The History and Legacy of Muslims in the Caribbean

Beginning the Dialogue: Reflections on the International Symposium

The International Symposium on the History and Legacy of the Muslims in the Caribbean, beautifully hosted at the Arthur Chung Conference Centre in Guyana from September 4-6, 2023, by the Organization of Islamic Cooperation (OIC), Research Centre for Islamic History, Art and Culture (IRCICA), the Government of Guyana and the University of Guyana, brought together academics, activists, and religious representatives to discuss Muslims in the region. Topics included the presence, identities, and practices of Muslims in Trinidad, Guyana, Suriname, Columbia and elsewhere. It reflected a partnership between the Muslim world as represented by the OIC and IRCICA with the Caribbean. The Symposium was marked most notably by the passionate speech made by Dr. Mohamed Irfaan Ali, President of Guyana, on the longstanding history of Muslims in the Caribbean beginning in the period of enslavement through the indentureship period and into our contemporary times.

IRCICA President Ali

His Excellency Dr. Mohamed Irfaan Ali, President of Guyana, and Director General of IRCICA, Prof. Mahmud Erol Kılıç

The symposium – the first of its kind in the region – significantly brought oral histories and lived experiences in conversation with scholarship. It shed light on a number of ways in which Muslim identity was and is sustained in the Caribbean – through a Lebanese village in Maicao in Columbia, the influence of the Libyan Charge D’Affaires to Guyana, Ahmad Ehwas, on Muslim identity formation in Guyana, economic development of the Javanese Muslims, and through celebrations like Tajdah and Muslim devotional music in Trinidad and Guyana. It highlighted the work done by activists in the region to establish mosques in Haiti, Guyana, and Trinidad. It drew attention to how Muslim youth are continuing to claim spaces, such as Trinidadian Muslim youth participation in cricket. Most significantly, it challenged what is often the erasure of Muslim identities and experiences in the documentation of the Caribbean region.

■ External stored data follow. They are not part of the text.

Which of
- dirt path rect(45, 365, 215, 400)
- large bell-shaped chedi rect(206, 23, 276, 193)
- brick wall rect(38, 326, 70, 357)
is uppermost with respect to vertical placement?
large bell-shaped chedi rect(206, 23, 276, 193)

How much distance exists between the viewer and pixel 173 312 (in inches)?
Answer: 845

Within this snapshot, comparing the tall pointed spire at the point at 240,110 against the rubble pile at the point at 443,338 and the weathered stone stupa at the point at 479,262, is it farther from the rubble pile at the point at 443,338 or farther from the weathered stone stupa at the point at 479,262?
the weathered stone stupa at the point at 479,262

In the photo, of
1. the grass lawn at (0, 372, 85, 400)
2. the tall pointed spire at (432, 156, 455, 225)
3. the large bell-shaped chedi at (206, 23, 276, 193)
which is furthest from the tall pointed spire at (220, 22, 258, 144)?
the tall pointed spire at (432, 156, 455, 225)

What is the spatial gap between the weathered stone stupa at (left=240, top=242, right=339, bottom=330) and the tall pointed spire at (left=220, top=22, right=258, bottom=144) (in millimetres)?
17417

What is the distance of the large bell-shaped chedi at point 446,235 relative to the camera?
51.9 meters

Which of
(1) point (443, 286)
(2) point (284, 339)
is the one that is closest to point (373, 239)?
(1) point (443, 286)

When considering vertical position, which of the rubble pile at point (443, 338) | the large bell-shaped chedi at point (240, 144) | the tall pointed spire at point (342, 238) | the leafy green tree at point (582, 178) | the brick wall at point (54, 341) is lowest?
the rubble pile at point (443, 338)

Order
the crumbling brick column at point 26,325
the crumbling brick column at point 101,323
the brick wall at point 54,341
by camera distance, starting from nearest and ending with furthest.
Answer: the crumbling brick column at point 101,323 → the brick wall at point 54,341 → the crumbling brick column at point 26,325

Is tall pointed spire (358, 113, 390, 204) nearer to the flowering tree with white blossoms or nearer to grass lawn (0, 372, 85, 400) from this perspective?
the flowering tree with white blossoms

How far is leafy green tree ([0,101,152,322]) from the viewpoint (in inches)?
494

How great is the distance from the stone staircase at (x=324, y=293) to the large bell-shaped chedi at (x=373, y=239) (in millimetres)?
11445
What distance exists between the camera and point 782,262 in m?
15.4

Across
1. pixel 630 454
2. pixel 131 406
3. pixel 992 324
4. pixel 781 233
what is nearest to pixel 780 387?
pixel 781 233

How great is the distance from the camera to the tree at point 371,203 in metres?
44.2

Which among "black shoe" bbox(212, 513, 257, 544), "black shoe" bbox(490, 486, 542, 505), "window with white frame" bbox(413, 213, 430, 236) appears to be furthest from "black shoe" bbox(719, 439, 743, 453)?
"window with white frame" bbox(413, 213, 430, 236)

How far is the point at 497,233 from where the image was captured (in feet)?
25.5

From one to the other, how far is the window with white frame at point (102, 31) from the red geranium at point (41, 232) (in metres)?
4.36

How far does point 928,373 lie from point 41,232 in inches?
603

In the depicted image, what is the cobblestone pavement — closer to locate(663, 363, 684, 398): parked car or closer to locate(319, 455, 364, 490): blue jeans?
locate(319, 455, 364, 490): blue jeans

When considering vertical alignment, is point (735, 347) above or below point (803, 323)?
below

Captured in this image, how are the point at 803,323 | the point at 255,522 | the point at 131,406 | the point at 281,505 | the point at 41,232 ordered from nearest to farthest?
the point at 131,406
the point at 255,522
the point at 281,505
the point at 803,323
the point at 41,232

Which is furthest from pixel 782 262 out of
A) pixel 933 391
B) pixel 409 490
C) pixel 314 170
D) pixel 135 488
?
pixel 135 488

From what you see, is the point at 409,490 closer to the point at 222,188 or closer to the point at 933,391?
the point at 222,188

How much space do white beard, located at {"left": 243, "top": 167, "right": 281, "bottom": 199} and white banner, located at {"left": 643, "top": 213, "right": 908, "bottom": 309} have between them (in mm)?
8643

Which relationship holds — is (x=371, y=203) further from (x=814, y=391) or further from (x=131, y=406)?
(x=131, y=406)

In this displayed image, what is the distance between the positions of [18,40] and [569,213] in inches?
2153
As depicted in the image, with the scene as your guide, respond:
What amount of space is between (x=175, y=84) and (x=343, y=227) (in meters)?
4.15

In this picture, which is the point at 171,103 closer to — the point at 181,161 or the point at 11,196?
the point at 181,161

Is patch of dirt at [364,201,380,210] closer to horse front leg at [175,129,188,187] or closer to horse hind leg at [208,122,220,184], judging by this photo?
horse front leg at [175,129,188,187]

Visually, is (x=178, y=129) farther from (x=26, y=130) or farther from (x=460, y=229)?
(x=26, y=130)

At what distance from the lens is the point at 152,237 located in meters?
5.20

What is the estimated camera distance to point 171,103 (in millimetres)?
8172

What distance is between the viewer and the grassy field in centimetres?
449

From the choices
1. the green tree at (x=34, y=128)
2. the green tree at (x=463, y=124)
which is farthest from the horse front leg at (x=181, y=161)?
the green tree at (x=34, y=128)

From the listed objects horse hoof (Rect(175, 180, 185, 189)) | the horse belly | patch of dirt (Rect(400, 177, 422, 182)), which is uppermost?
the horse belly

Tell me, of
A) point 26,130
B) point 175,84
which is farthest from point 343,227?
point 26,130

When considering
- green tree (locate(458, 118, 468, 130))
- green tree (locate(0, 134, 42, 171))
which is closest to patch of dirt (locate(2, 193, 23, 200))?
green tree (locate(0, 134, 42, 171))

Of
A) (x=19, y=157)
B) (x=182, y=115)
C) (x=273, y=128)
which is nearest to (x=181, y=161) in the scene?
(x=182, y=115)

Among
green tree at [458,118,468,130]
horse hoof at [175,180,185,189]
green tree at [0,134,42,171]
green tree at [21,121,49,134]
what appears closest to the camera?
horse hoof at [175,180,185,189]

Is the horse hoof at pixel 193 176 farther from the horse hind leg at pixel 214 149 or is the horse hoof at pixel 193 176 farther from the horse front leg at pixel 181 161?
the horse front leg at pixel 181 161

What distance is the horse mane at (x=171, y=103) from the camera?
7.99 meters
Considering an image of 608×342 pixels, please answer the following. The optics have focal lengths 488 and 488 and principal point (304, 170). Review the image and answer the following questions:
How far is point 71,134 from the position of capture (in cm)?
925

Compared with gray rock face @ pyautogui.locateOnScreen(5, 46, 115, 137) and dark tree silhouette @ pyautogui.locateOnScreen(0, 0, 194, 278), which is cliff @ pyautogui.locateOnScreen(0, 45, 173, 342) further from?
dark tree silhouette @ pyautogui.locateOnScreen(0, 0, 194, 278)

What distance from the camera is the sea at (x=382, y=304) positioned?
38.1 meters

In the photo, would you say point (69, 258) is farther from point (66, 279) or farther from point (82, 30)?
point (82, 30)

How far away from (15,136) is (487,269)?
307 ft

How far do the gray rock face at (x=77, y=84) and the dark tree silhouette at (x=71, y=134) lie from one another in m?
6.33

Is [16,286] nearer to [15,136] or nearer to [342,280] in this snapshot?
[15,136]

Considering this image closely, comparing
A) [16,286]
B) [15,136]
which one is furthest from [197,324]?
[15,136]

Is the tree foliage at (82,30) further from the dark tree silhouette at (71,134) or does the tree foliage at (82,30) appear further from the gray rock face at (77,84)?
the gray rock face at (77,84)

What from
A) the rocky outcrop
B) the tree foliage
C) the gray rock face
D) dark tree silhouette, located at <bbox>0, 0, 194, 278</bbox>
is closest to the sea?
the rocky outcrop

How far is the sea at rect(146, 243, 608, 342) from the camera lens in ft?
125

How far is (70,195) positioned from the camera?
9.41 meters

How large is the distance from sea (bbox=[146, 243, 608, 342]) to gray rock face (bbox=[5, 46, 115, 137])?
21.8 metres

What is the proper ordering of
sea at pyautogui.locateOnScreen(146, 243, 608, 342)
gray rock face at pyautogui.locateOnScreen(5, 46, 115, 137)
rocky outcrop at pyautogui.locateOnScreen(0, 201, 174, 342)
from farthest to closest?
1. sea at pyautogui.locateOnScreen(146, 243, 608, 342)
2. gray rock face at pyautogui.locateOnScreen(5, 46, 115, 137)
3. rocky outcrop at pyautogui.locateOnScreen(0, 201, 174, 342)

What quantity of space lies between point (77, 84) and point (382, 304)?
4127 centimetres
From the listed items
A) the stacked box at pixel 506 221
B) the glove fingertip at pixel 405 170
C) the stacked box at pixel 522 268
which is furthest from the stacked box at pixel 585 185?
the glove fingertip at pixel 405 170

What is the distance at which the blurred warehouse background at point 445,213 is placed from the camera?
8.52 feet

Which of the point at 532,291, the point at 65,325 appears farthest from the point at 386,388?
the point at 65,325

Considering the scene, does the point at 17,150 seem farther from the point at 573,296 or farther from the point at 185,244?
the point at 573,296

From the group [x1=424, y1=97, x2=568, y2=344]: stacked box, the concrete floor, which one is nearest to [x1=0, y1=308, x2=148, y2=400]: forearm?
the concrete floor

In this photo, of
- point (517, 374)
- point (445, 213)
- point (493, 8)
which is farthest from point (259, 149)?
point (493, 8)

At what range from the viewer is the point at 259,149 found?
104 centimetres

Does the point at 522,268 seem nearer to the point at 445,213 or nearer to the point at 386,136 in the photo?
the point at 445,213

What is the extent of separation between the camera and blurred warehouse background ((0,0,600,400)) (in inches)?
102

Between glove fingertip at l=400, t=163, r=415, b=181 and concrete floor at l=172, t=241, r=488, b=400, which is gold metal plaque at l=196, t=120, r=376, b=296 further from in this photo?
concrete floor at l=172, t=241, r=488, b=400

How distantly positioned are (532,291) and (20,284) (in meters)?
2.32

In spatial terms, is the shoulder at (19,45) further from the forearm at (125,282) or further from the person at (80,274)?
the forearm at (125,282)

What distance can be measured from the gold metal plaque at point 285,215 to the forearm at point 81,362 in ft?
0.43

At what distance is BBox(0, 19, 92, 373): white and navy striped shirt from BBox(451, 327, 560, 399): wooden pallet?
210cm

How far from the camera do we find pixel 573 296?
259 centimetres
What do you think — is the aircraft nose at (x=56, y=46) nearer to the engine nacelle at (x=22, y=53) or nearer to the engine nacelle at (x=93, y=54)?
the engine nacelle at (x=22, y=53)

While the import of this being the first conference of its kind in the region cannot be understated, the tension that unfolded between the politics of identity and religion in Guyana versus the academic discussion of Islam in the Caribbean is critical to note as it informed much of the conversations of the symposium. In spite of the limited number of in-person attendees from within the country and region, there was still great diversity of perspectives reflected both in the papers as well as the discussions. The conversations brought a number of key matters in the region to the foreground: politics between religious organizations, the need for access to Muslim banks, mental health challenges amongst Muslim youth, and more. It highlighted areas of interest for the region and drew attention to heavily understudied topics, such as race, ethnicity and gender, for which more robust conversations are needed. The symposium particularly highlighted the need to explore nuances of Muslim identities and experiences in the region, such as ethnic tensions that coloured much of the twentieth century, gender politics that continue to play out today, Indigenous identities and partnerships, intersectional discussions of how multiple expressions of these identities work together, and more. 

IRCICA Participants 1

Participants of the conference with His Excellency Dr. Mohamed Irfaan Ali, President of Guyana, and Director General of IRCICA, Prof. Mahmud Erol Kılıç amongst others.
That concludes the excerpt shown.